Gregory, design by Antonio Citterio, Flexform


It was clear that the furniture industry, initially caught on the hop by the phenomenon that is art design (i.e. the work of designers featured in galleries), would cotton on fast to its new potential for the sector. So, in an obvious oxymoron, we see objects similar to those that have done so well in galleries “going into production,” perhaps in limited editions. One such example is the precious CAP 53 lost-wax cast bronze vases, reproduced from original models designed by Angelo Mangiarotti in 1962, now issued in a 100-strong series by Agapecasa.
As we said earlier on the subject of craftsmanship and industry, these pieces are more of a guarantee of impeccable manufacture than artworks, and are destined to last considerably longer; Marcel Wanders studio’s Echo vitrine for Fiam, its glass sides reminiscent of Flemish lace, for instance.
www.agapecasa.it - www.fiamitalia.it

Echo, design by Marcel Wanders studio, Fiam

And the NYNY container, distinguished by the irregularity of its volumes, designed by Storagemilano for Gebrüder Thonet Vienna.

NYNY, design by storagemilano, Gebrüder Thonet Vienna

Then there are also the stackable bases in varying sculptural forms (also in patinated bronze) for the Gullwing tables designed by Gabriele and Oscar Buratti and produced by Lema.

Gullwing, design by Gabriele e Oscar Buratti, Lema

The boldly minimalist Rope chair by Ronan and Erwan Bouroullec for Artek (Vitra Group), featuring marine-grade rope that issues unexpectedly from the tubular steel frame, also conforms to this trend.

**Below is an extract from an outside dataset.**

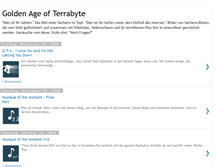 Tablet Screenshot of goldenterrabyte.blogspot.com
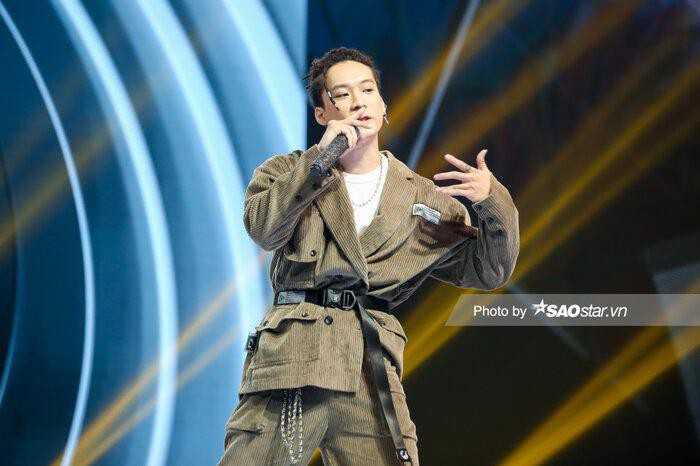Billy - Dablo trình diễn xuất sắc khiến mentor LK tự hào: 'Rapper của King Of Rap tài năng không giới hạn' Ảnh 2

Rope Chair, Ronan & Erwan Bouroullec, Artek


Related to some extent to the above trend, there is increasing demand for customisable products. Company collection catalogues become mere suggestions, while sizes, materials and colours are adapted to cater to client demand, achieving such wildly different final results as to appear almost unrecognisable. The Boutique Mast system, conceived by Piero Lissoni for Porro is certainly a step in that direction, with doors like secret entrances, intended to act as a filter between living and sleeping areas. Bespoke products are a major test of flexibility, which the Italian companies have been working towards for some time in their own inimitable way, in the contract markets, the hotel trade in particular.